One thing I have been thinking about (in this context) is how hopeful it has been that emergent Christians might find an alternative to conservative evangelicalism and liberal “mainline” Protestantism by exploring postmodern philosophy’s possible contribution to theology and practice. Lesslie Newbigin and Nancey Murphy (among others) have called for such a “third way”–neither fundamentalist (they both mean conservative evangelical) nor liberal but postmodern in some sense (not necessarily radical). Many of us have identified both conservatism and liberalism in European and American Protestantism as too tied to modern modes of thought. We tend to define both types of theology (and practice) by stances toward modernity–either rejection or accomodation.
If the emergent church/Christianity movement has anything to offer it has to be an alternative to those two types of Christianity and their rootedness in modernity. (Here I am ignoring another alternative that I think we too often ignore–the premodern alternative. Many contemporary Christians, both educated and not, prefer to live and worship and think as if the Enlightenment never happened. But I would argue that’s very difficult to do–especially once one begins to think and interpret and explain and write. For example, many people point to Pentecostalism as an alternative to fundamentalism and liberalism or to conservative evangelicalism and liberalism. However, I regard the “tongues as initial, physical evidence” doctrine as very modern, rooted as it is in the craving for certainty through physical evidence.) However, disappointment sets in when we hear emergent church leaders/spokespersons sharing their excitement in “discovering” a new type of theoloogy that turns out to be thoroughly modern. For example, not long ago a leading emergent church personality shared his excitement in finding and reading Henry Churchill King’s The Reconstruction of Theology published in 1901. The problem is, that book is a classic of liberal (Ritschlian) Protestantism! It’s thoroughly modern! I don’t understand its appeal to a supposedly postmodern, emergent Christian.

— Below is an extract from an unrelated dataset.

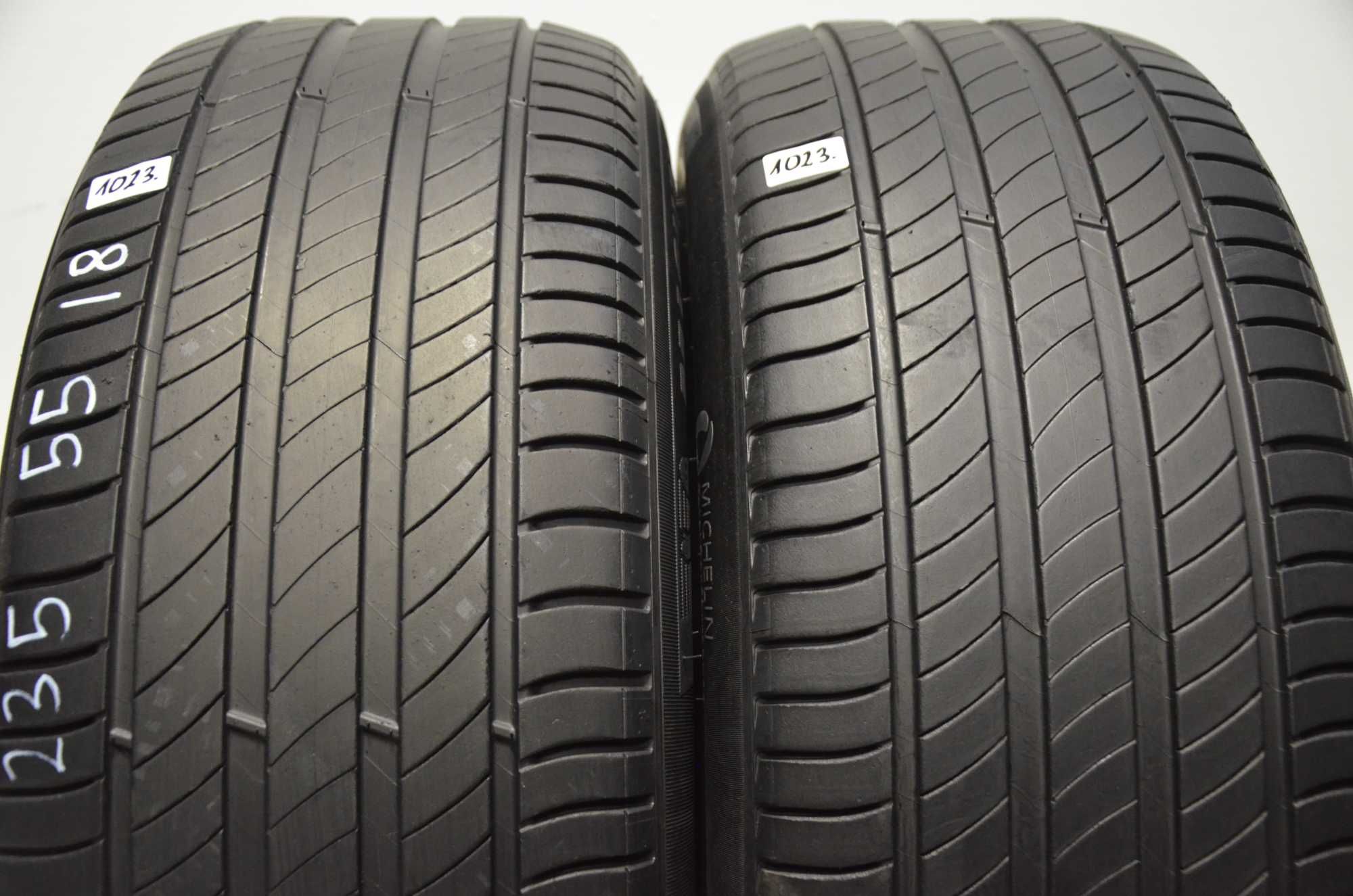 ROK 2022, 235/55 R18 Michelin Primacy 4 Para nr1023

I think Brandon’s challenge to emergent church types is worthy of very serious consideration and response, but by all means let’s not get bogged down in details of his analysis. His main point is obvious and we should dwell on it. It takes the form of a question to emergent church/Christianity leaders: How is your new, different type of Christianity different (at the deep level of theology and ethics) from “mainline,” liberal Protestantism? Your reaction to fundamentalism and conservative evangelicalism is clear. Now what do you have to offer European and American Christianity (and hopefully the rest of the world) that is new and different from modernity-based liberalism?